In Who is Man?, Heschel explicates his thesis that Man is a being whose ultimate purpose and task in life is to wonder about existence, to ponder and pine for his Creator. In his words, "Man is a being in search of significant being, of ultimate meaning of existence." In Who Is Man?, Heschel also constructs a famous dichotomy between "biblical man" and "ontological man". Heschel's concept of the "ontological man" is an explicit response to Heidegger's ideas about Dasein, which for Heschel is a human who merely exists passively, rather than lives actively as human in the world. A further difference between "biblical" and "ontological" man is that "ontological" man is stuck on basic questions of ontology (the study of the nature of being and existence) and only "seeks to relate the human being to transcendence called being" whereas the "biblical man" "realizing that human being is more than being...seeks to relate man to a divine living, to a transcendence called the living God". Heschel critiques Heidegger's stance toward seeking an understanding of Being as the ultimate reality without reaching out to a higher power while at the same time living actively in the real world (as "biblical man" does), saying,

"...simply to 'surrender to being,' as Heidegger calls upon us to do, he would...reduce his living to being. To be is both passive and intransitive. In living, man relates himself actively to the world...The decisive form of human being is human living...to bring into being, to come into meaning. We transcend being by bringing into being—thoughts, things, offspring, deeds."

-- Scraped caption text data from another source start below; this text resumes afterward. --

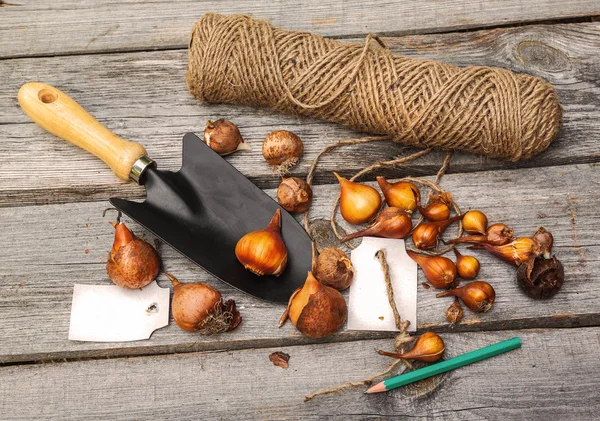 Aanplant bollen tulpen — Stockfoto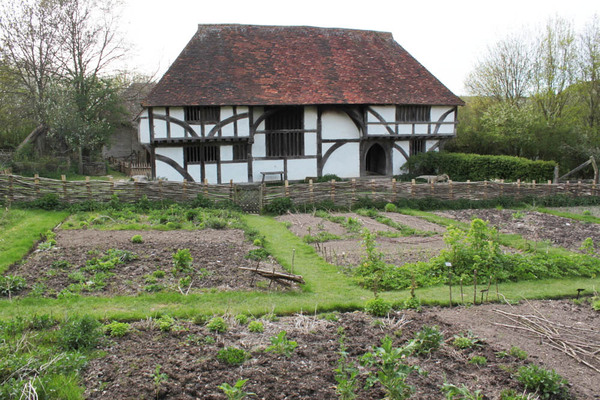 Weald and Downland Museum Medieval Gardens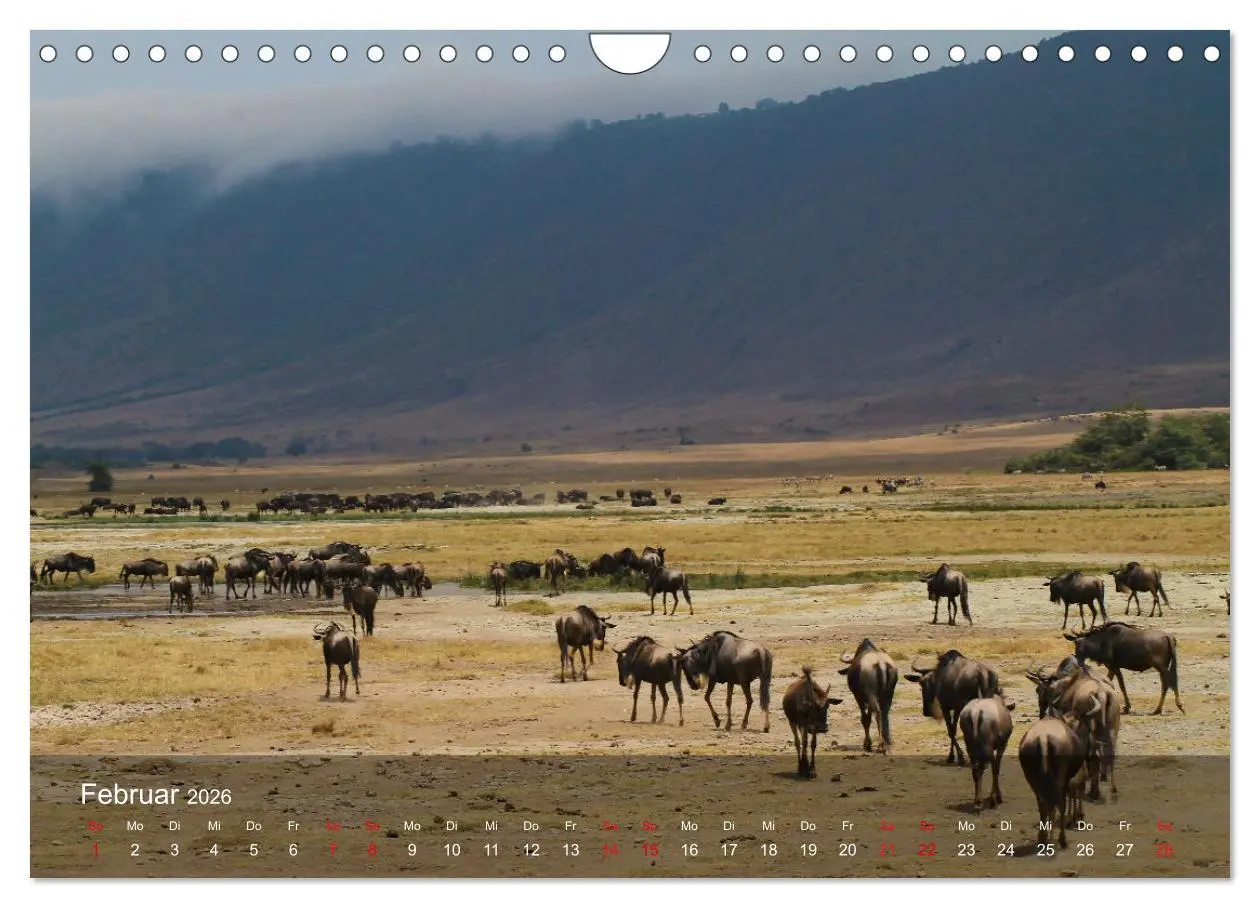 Bild: 9783457655221 | Ostafrika - Tansania und Kenia hautnah (Wandkalender 2026 DIN A4...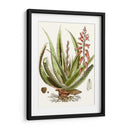 Antiguo Aloe I | Cuadro decorativo de Canvas Lab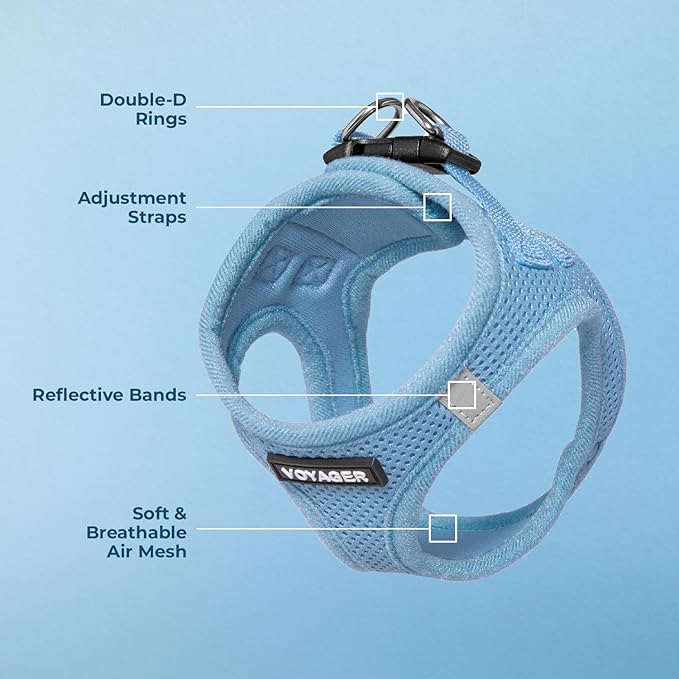 Voyager Step-In Air Dog Harness - All Weather Mesh, Reflective, No Pull Harness for Small, Medium Dogs, Cats - Secure with Hook & Loop Fastener, Buckle, Double D-Rings - Baby Blue, XXXS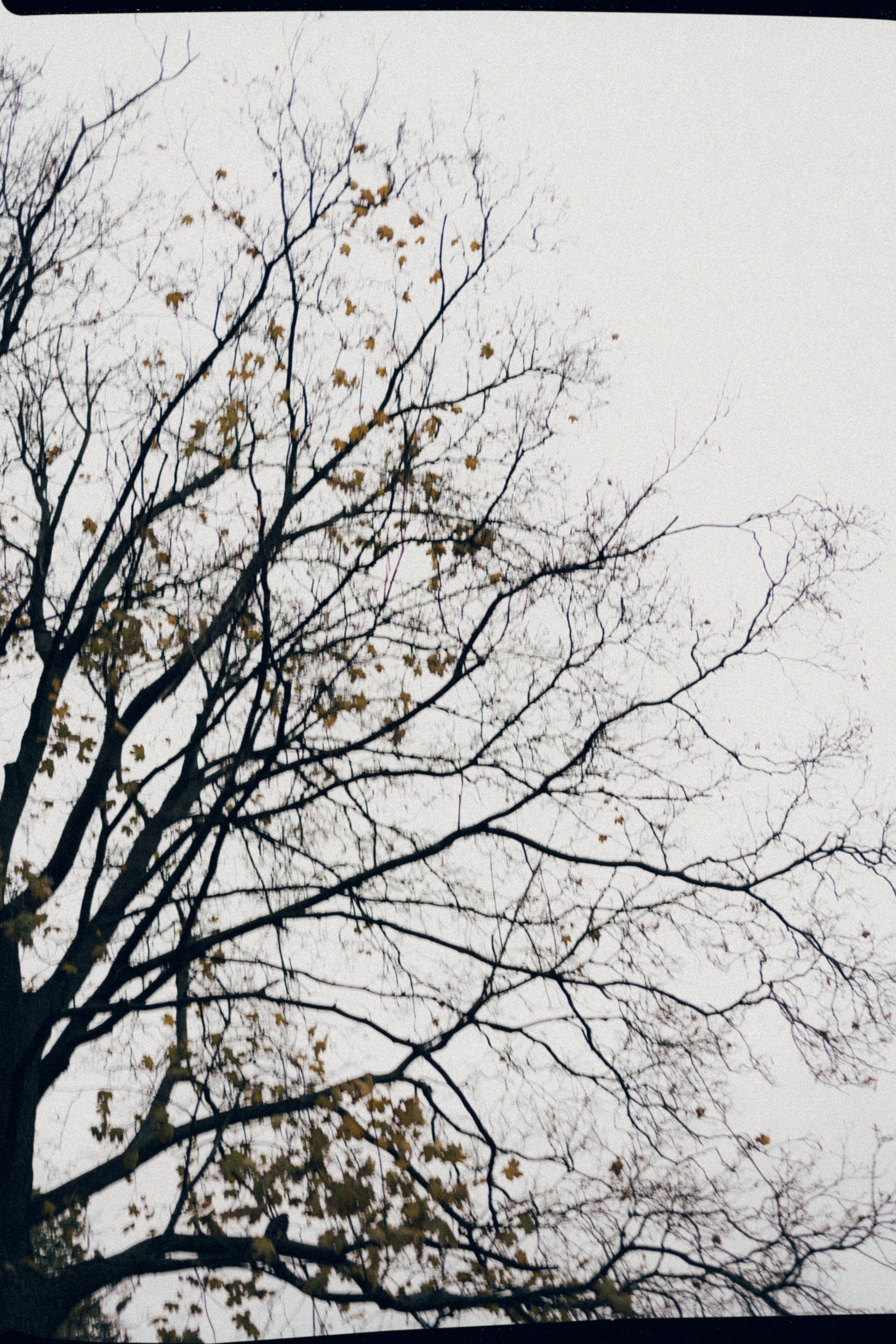 Roof wedding. Фотограф Ксения Калюжная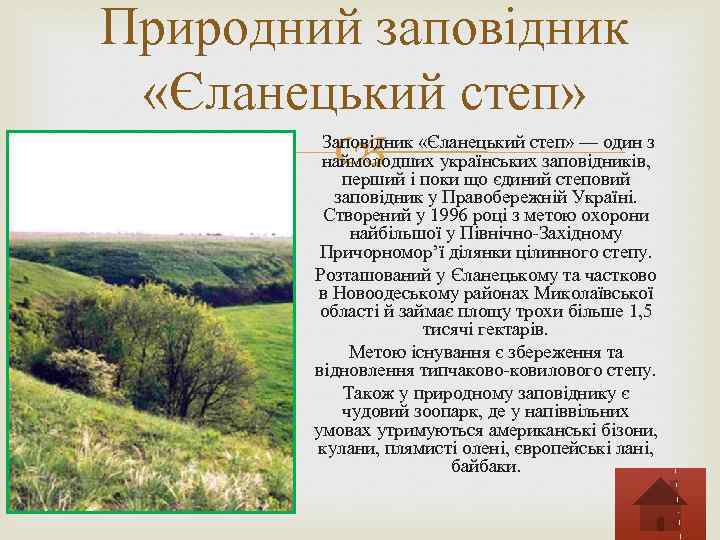 Природний заповідник «Єланецький степ» Заповідник «Єланецький степ» — один з наймолодших українських заповідників, перший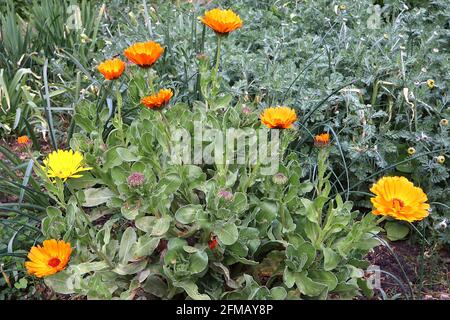 Calendula officinalis Pot Ringelblume – orange und gelbe Gänseblümchen-ähnliche Blüten mit medizinischen Eigenschaften, Mai, England, Großbritannien Stockfoto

Heschel's work deals with man's relation to God and man's ability to make meaning in his own life through the sanctification of certain traditions, ideas, and time periods. Heschel's books (especially Who Is Man?) are primarily concerned with the existential question of the purpose and meaning of human life, which is one of the foundational questions of theology concerning the relationship between human beings and God.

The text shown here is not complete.